His lips parted, and for a second, I thought I was getting it. Truth. Answers. The Sawyer who never hid from me, who never lied right to my face.

“Please just trust me, Holly,” he said. “Please. This isn’t how I planned this all going. We were meant to see more places, do more things, have more moments together.”

“It’s not even that. I don’t care about that. You found your mom and I’m so happy for you and her and Spencer. It’s you lying to me that hurts. And even when I call you out on the lying you still won’t tell me why you’re lying.”

“I’m sorry for lying. I am. So bad, Holly. I hated doing it, but yesterday…”

“Yesterday?” I prompted.

“I needed to take care of some—”

“Stuff?” I cut him off. “Stuff, right? You’ve been doing a lot of stuff lately. Copious amounts of stuff that I am not privy to, apparently.”

“I want to tell you.”

“Then tell me.”

“I wish I could.”

“You can, you just don’t want to.”

He exhaled sharply. “I don’t want this to turn into fight.”

“I think it already did, like, five minutes ago,” I said, picking up a napkin and tearing at the corner.

“Right.”

“I deserve honesty. I’m entitled to a little honesty, especially when you’ve been acting so strange. When you’re clearly keeping things from me.”

“What about you?” he said.

My head shook, shrugging at the question. “What about me?”

His tongue clicked, fingers tapping against the diner table as his eyes traveled to the window right by us. “What about that job offer you got?”

“What are…” My brows pulled together. “You went through my stuff? Through my computer?”

He held his hands up. “I didn’t go through it. You left it open and it was there and I looked for a second. It’s not like I was snooping and I shut it as soon as I could.”

“Okay, so? Some place offered me a role? So what?”

“So what?” He sat up a little straighter. “Not just some place, Holly, a place in New York.”

“Right, and? ”

“You didn’t tell me about it. Were you planning on telling me about it?”
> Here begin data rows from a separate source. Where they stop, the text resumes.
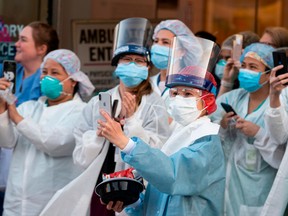 Healthcare workers react to people applauding in front of the Mount Sinai Hospital in Queens to show gratitude to medical staff and essential workers on the front lines of the coronavirus pandemic, April 15, 2020 in Queens, New York City.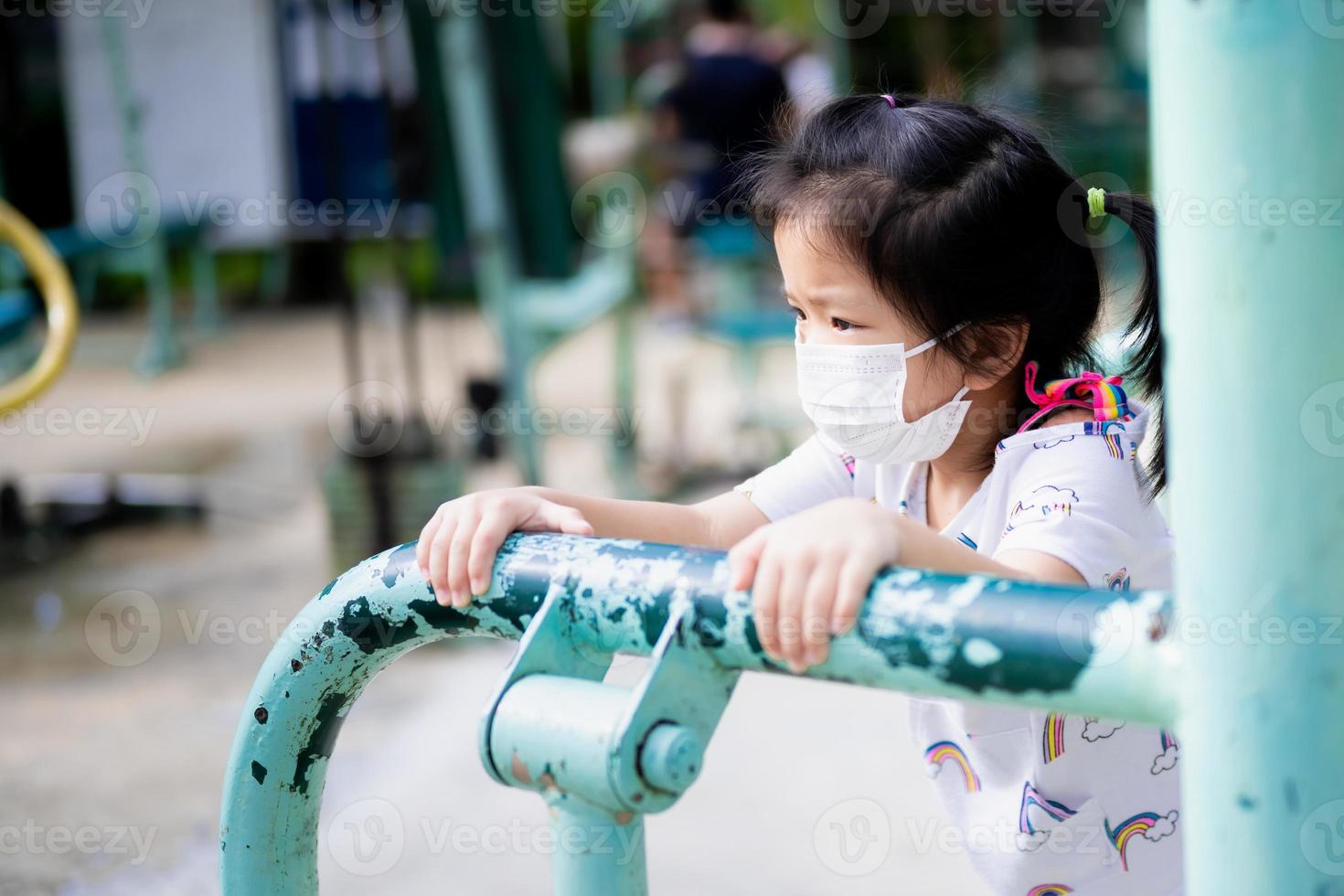 porträtt söt unge flicka spelar övning Utrustning på lekplats. barn bär vit medicinsk ansikte mask. förhindra toxisk damm PM 2,5 och spridning coronavirus covid19. tömma Plats. foto
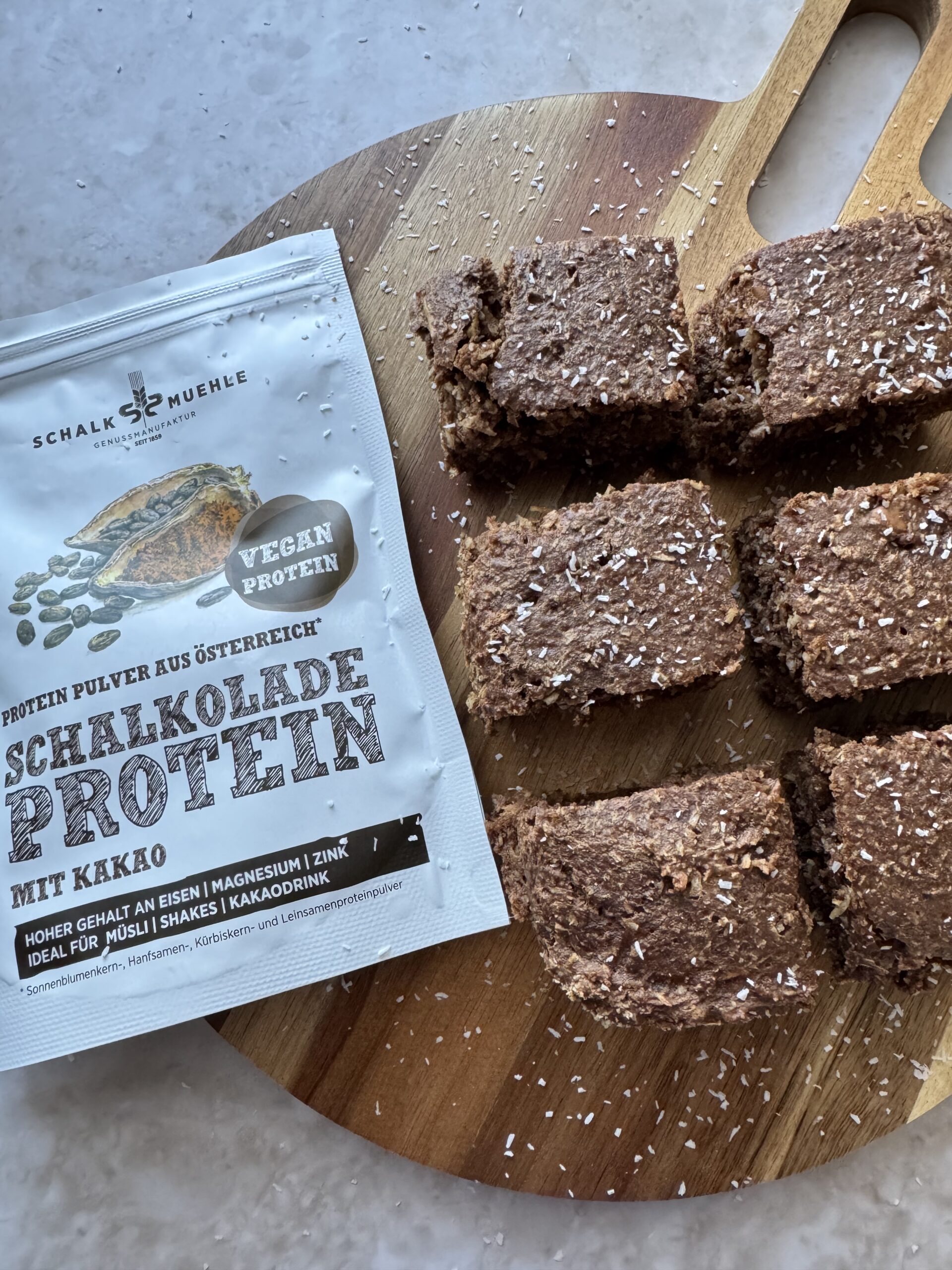 Schoko-Kokos-Kuchenstücke auf Holzbrett mit Kokosraspeln und Schalk Mühle Schalkolade-Proteinpulver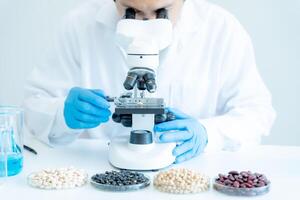 Scientist analyze biochemical samples in advanced scientific laboratory. Medical professional use microscope look microbiological developmental of viral. Biotechnology research in science lab. photo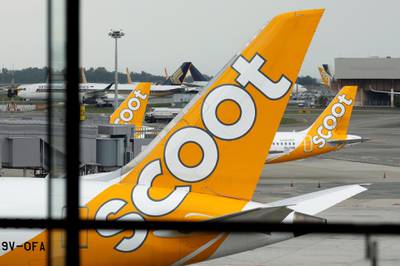 Scoot and Singapore Airlines planes sit on the tarmac, as airlines reduce flights following the outbreak of the coronavirus disease (COVID-19), at Singapore's Changi Airport. Reuters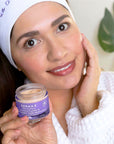 Woman applying Advanced Peptides & Flora-Collagen™ Night Moisturizer to her face, demonstrating its smooth, creamy texture and easy absorption.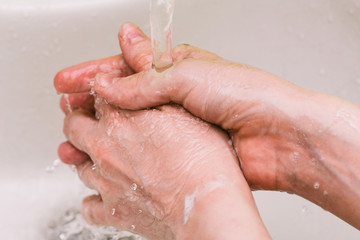 Man's hand under the tap with water. Wet hands and spray of water. Personal hygiene and prevention of coronavirus disease.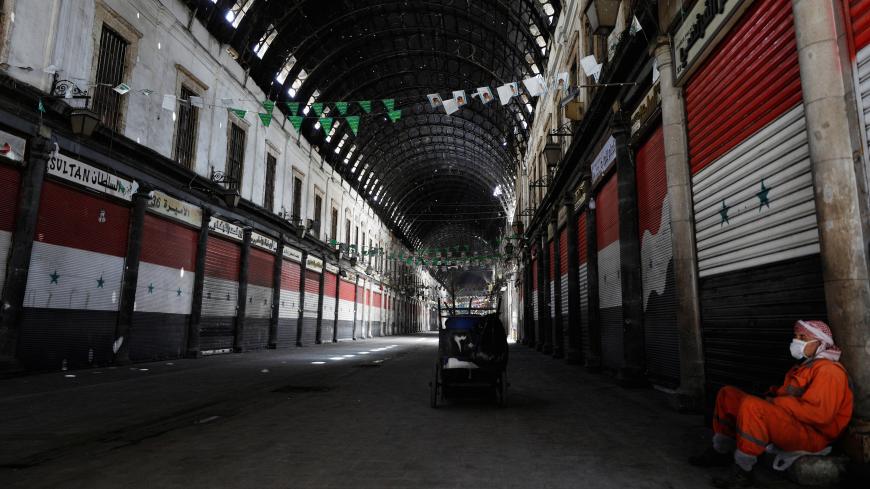 A street cleaner rests at empty Souk al-Hamidieh, as restrictions are imposed as measure to prevent the spread of the coronavirus disease (COVID-19) in Damascus, Syria March 24, 2020. REUTERS/Omar Sanadiki - RC2HQF9TCDQH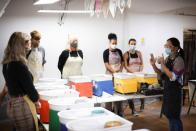 Jing Xeu teaches a pottery class inside Token Studio, the business she owns, amid the coronavirus disease (COVID-19) outbreak, in London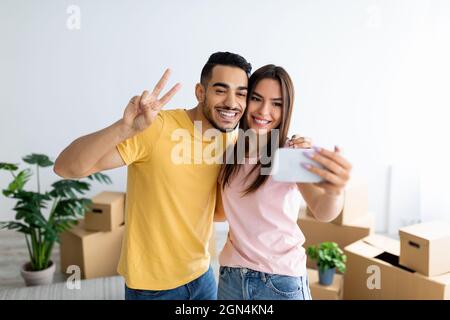 Lächelnder Araber und seine kaukasische Freundin ziehen zusammen in ihr eigenes Zuhause und machen Selfie zwischen Kartons Stockfoto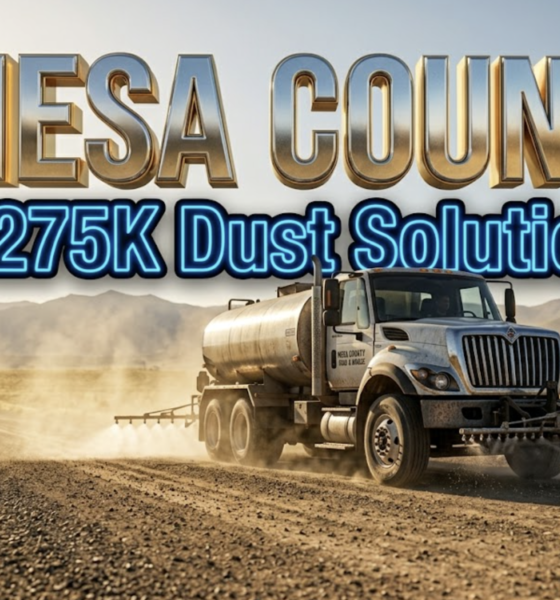 A viral, hyper-realistic YouTube thumbnail with a professional municipal infrastructure atmosphere. The background is a dusty Colorado dirt road stretching toward distant mountains with golden afternoon sunlight and swirling dust particles suspended in the air. The composition uses a low-angle camera perspective to focus on the main subject: a large metal road treatment tanker truck with magnesium chloride spraying equipment visible. The image features massive 3D typography with strict hierarchy: The Primary Text reads exactly: "MESA COUNTY". This text is massive, the largest element in the frame, rendered in shimmering chrome and metallic gold material to look like a high-budget 3D render with real-time reflections. The Secondary Text reads exactly: "275K Dust Solution". This text is significantly smaller, positioned below the primary text, featuring a thick bright blue neon border with a sticker-style outline that contrasts sharply against the dusty background. The text materials correspond to the professional infrastructure concept. Crucial Instruction: There is absolutely no other text, numbers, watermarks, or subtitles in this image other than these two specific lines. 8k, Unreal Engine 5, cinematic render.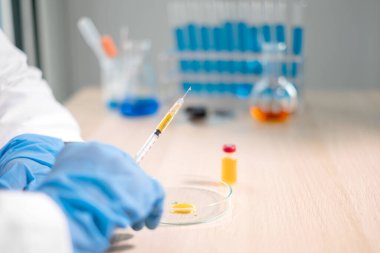 Profesyonel doktorlar aşı önleme ve viral enfeksiyonlardan korunmak için aşı örnekleri test edip analiz ederler. Tıbbi ve sağlık hizmetleri kavramları.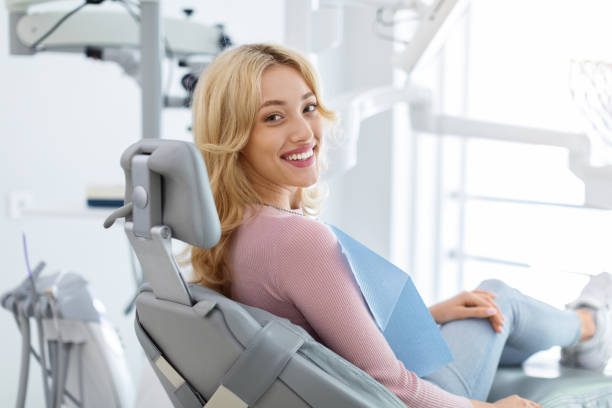 joven sonriente y relajada sentada en una silla dental - salud dental fotografías e imágenes de stock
“Do you want me to forward you every email I get?”

“It’s not about that. It’s about the place. It’s about the fact that maybe that’s where you would rather be.”

“Is that what you think? That I want to go back?”

“I mean, you and New York City make sense. Maybe you wanna go back. Maybe you’re looking for jobs back there. New York is the kinda place a girl like you belongs, so I understand if you wanna go back.”

My eyes rolled. God, I hated this. I hated it when we fought like this, because it always felt too serious and heavy.

We weren’t like this. We were usually all staring into each other’s eyes, holding hands, me on his lap, our lips pressed together.

Not this. Not this awful bitterness in our words.

The uncomfortableness. God, even when we used to go at each other’s throats it never felt awkward and stiff like what was surrounding us right now.

Sawyer cocked a brow. “Well?”

“Well, what?”

He swiped a heavy thumb across his jaw. “Are you gonna take it? Are you going back?”

“Are you seriously asking me that?”

“Does is sound like I’m not being serious?”